> [Prompt]: How do the lines read from the one holding "Rieten Schutting Rol" through the last line of the listing? Set them down exactly, pictures omitted.

> [Collected data]:
▼

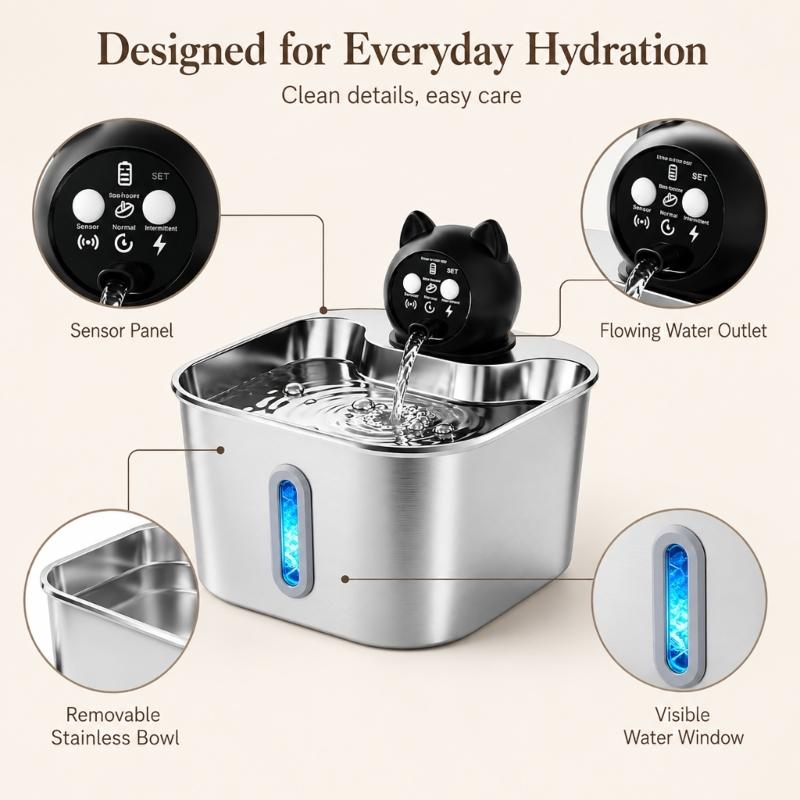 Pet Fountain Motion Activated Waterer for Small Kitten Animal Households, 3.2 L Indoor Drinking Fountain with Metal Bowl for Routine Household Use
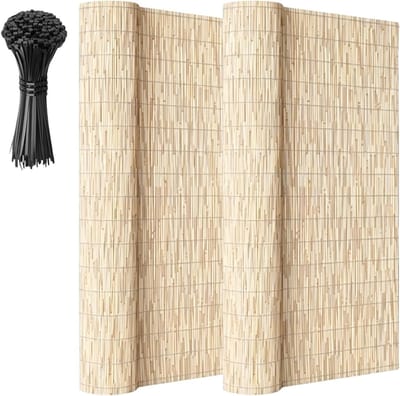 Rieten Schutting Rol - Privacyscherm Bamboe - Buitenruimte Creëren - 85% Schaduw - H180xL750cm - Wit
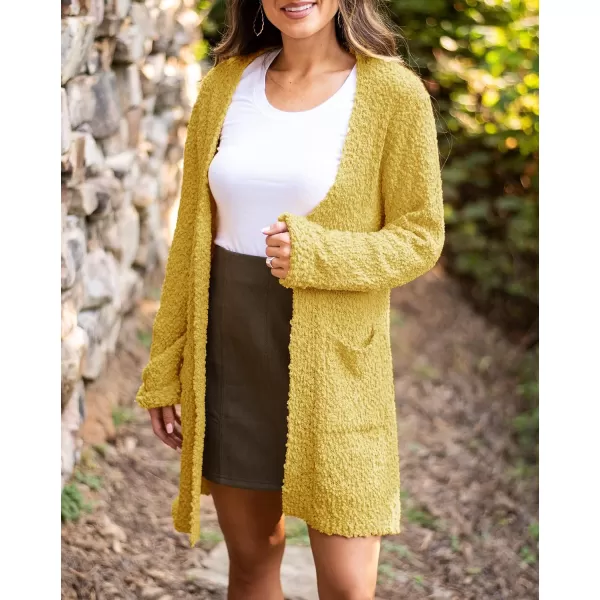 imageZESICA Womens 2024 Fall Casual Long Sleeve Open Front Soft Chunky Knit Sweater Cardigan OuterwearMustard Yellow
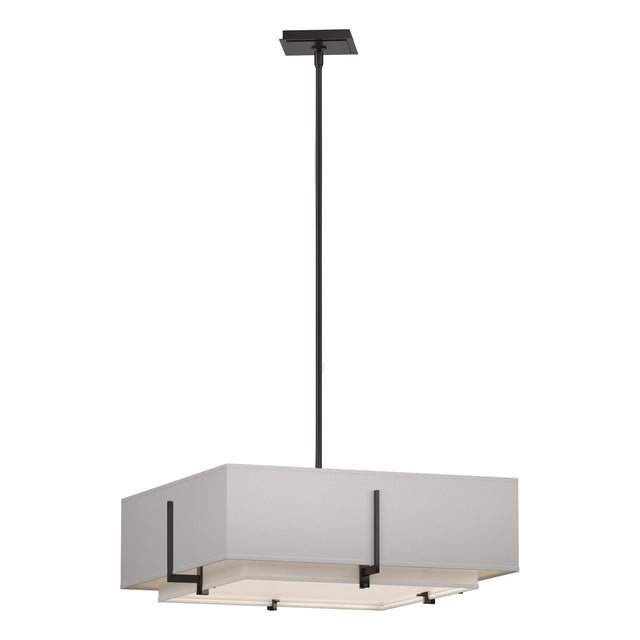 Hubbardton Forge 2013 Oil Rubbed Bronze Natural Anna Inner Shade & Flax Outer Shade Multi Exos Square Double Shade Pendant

▲

> [Response area]:
 Rieten Schutting Rol - Privacyscherm Bamboe - Buitenruimte Creëren - 85% Schaduw - H180xL750cm - Wit
 imageZESICA Womens 2024 Fall Casual Long Sleeve Open Front Soft Chunky Knit Sweater Cardigan OuterwearMustard Yellow
 Hubbardton Forge 2013 Oil Rubbed Bronze Natural Anna Inner Shade & Flax Outer Shade Multi Exos Square Double Shade Pendant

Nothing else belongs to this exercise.